C’est alors qu’a jailli une idée aussi simple qu’efficace. Il existe désormais, en effet, une version toute faite, qu’il suffit de reprendre. Cette version, c’est la « traduction liturgique officielle ». L’Association épiscopale liturgique pour les pays francophones (AELF) a en effet fait procéder à une traduction française, par une commission spécialisée, d’abord des textes bibliques utilisés dans la liturgie puis, en 2013, de la Bible tout entière.
Les éditions Mame, avec l’autorisation de l’AELF, ont donc édité ce texte, sous le titre le plus simple à imaginer, mais aussi le plus clair : La Bible. Bien sûr, pour chaque exemplaire, et contrairement aux éditions du Cerf, elles doivent verser des royalties à l’AELF mais, en revanche, elles n’ont fait aucun autre investissement que l’édition elle-même : ce qui est certainement une affaire intéressante.
Cette comparaison entre Cerf et Mame n’est ni fortuite, ni oiseuse : en effet, avec sa nouvelle Bible, Mame attaque non seulement le quasi-monopole de la Bible de Jérusalem, mais encore la spécialité où Cerf était jusqu’ici également sans concurrence : la Bible de poche. L’exemplaire de la Bible Mame que nous avons sous les yeux, dans un format 13 cm x 9 cm pour une pagination d’un peu moins de 2 300 pages, avec un papier bible et recouvert d’une solide couverture de plastique rouge, peut sans difficulté rivaliser avec celle du Cerf.
La typographie est lisible, le prix tout à fait raisonnable (moins de 30 euros, quand la Bible de Jérusalem vaut 34 euros) : elle deviendra donc bientôt un classique cadeau de communion solennelle (ce que fit mon père pour moi il y a maintenant bien longtemps, mais évidemment avec la Bible du Cerf).

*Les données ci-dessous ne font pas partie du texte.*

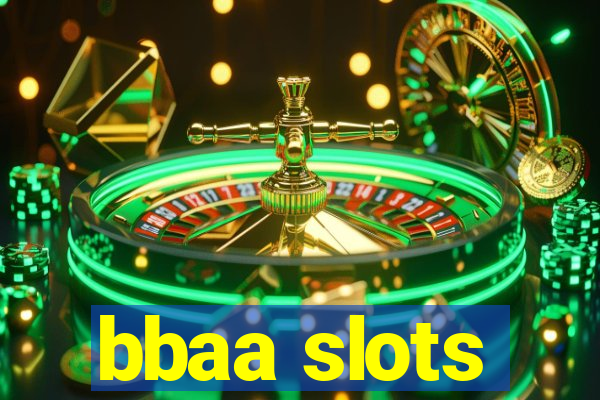 bbaa slots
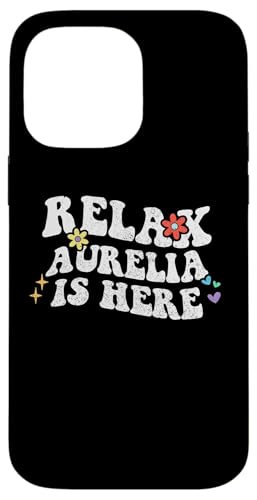 Retro Groovy Relax Aurelia Is Here Lustiger Muttertagsname Hülle für iPhone 14 Pro Max von Personalized First Name outfit For Women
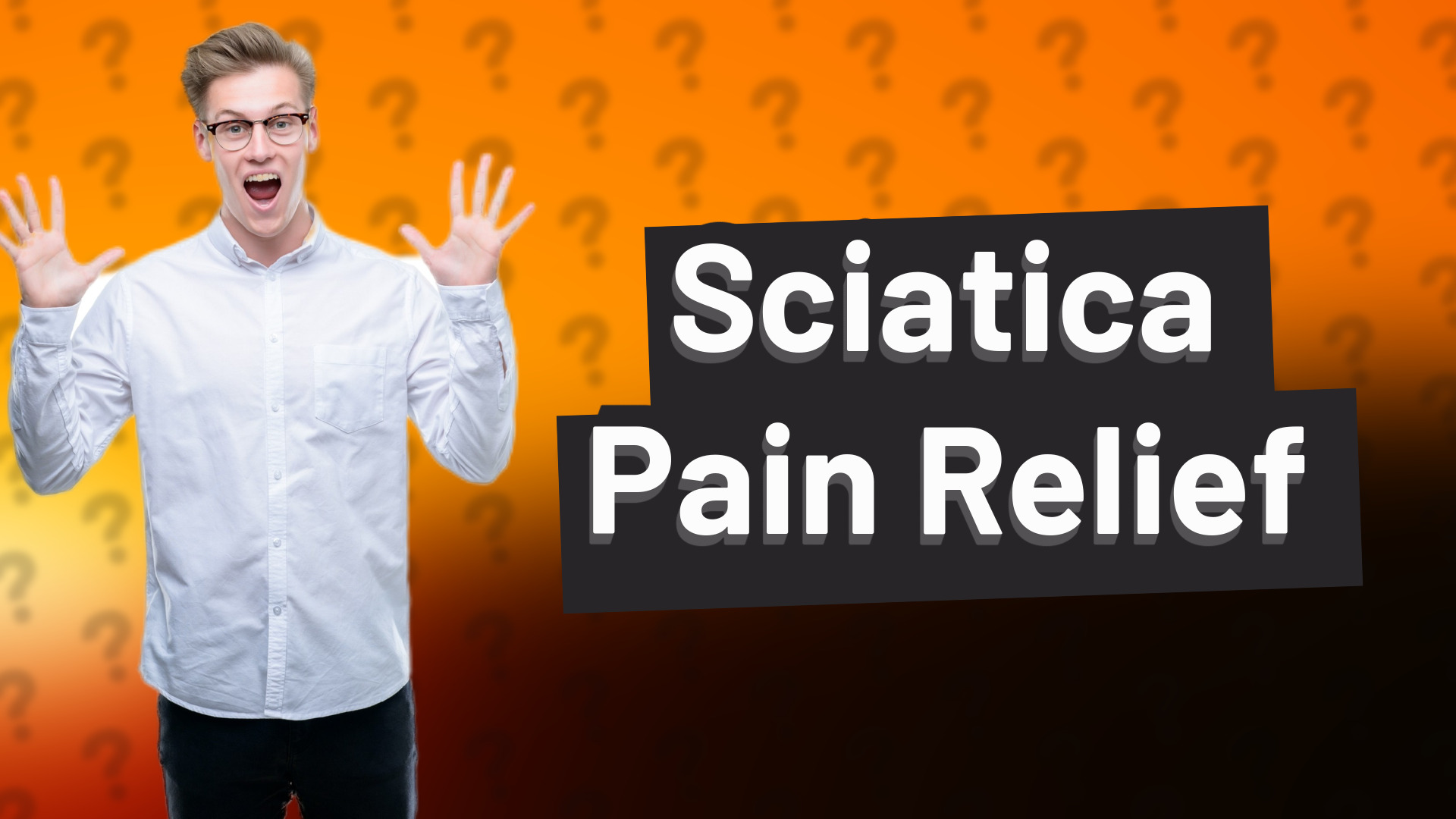 Sciatica Pain Relief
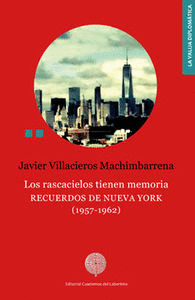 LOS RASCACIELOS TIENEN MEMORIA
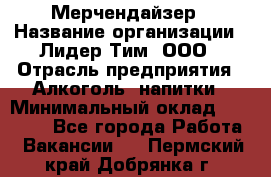 Мерчендайзер › Название организации ­ Лидер Тим, ООО › Отрасль предприятия ­ Алкоголь, напитки › Минимальный оклад ­ 25 000 - Все города Работа » Вакансии   . Пермский край,Добрянка г.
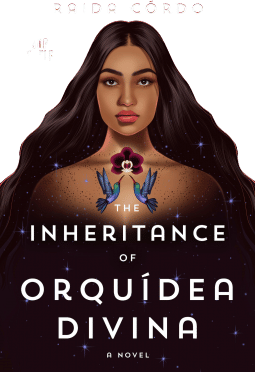 The Inheritance of Orquidea Divina (Zoraida Cordova)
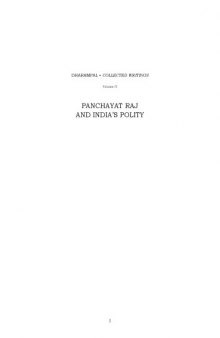 Panchayat Raj and India's Polity (The Collected Writings of Dharampal Vol. IV)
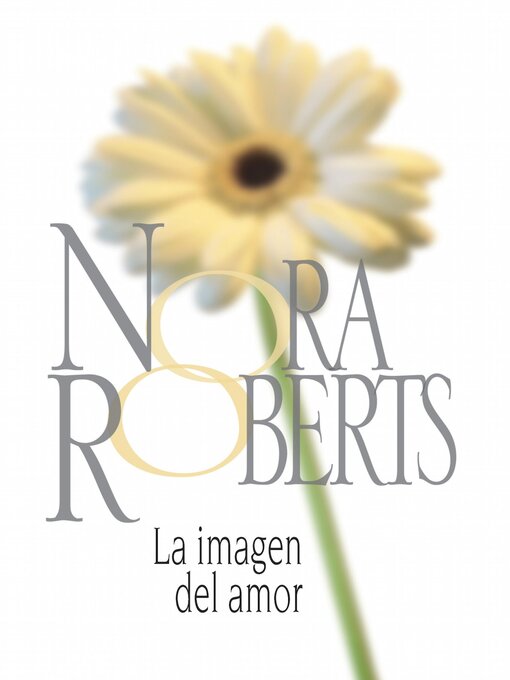 Title details for La imagen del amor by Nora Roberts - Available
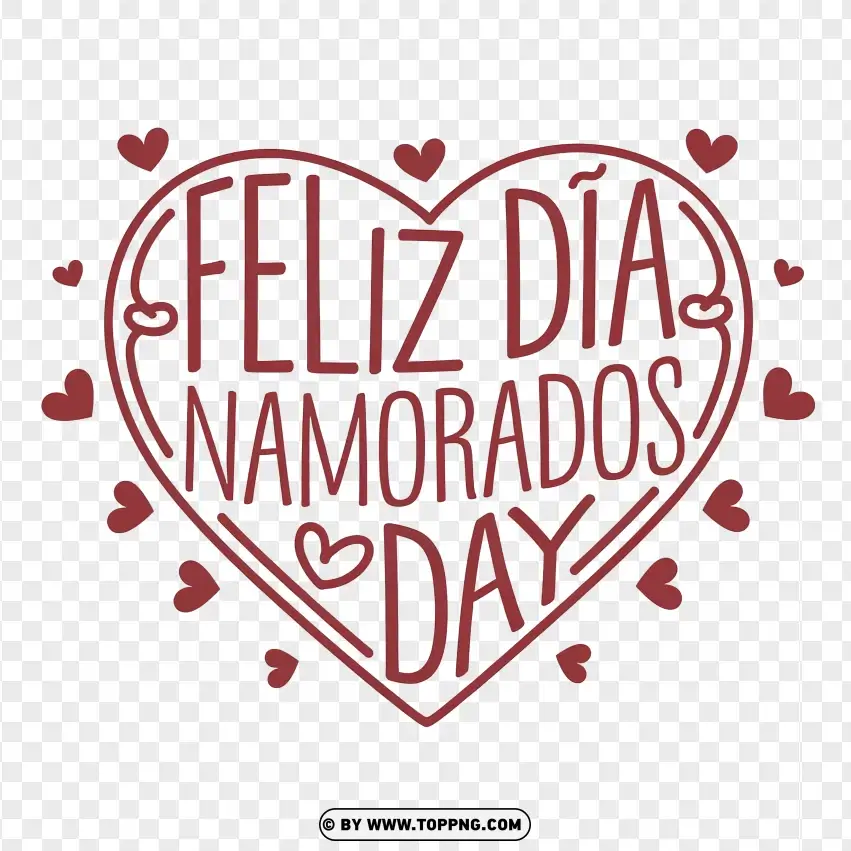 Feliz Dia Dos Namorados Day In Heart Shape PNG Transparent Background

Si la Bible Mame est toute fraîche sortie des presses, il n’en est pas de même pour le cardinal Etchegaray, qui a allégrement dépassé les 90 ans : il fut le patron des évêques français sous… Giscard, ce qui ne nous rajeunit pas. Et, depuis trente ans, il travaille à la Curie romaine, où il est vice-doyen du Sacré-Collège.
Le cardinal nous propose, assez curieusement d’ailleurs aux éditions de la Martinière (habituellement spécialisées dans les beaux livres), un recueil de billets spirituels de deux à trois pages, intitulé Avec Dieu chemin faisant. Il y a évidemment, dans ce court volume, « à boire et à manger ». On n’est nullement forcé de partager l’admiration de l’auteur pour Teilhard de Chardin (p. 108), ou sa facile dénonciation (p. 160) de la peine de mort (même s’il est tout à fait loisible d’y être opposé).
Mais quand le cardinal Etchegaray nous présente le péché originel (p. 62) ou le chapelet (p. 83), qu’il nous parle de Claudel (p. 105), de Péguy (p. 106) ou de saint Thomas More (p. 130), il ne manque ni de souffle, ni de pertinence.
Jacques Breil – Présent
La Bible – Traduction officielle liturgique, Mame, 2015, 2 240 pages.
Cardinal Roger Etchegaray, Avec Dieu chemin faisant, éditions de la Martinière, 2015, 176 pages.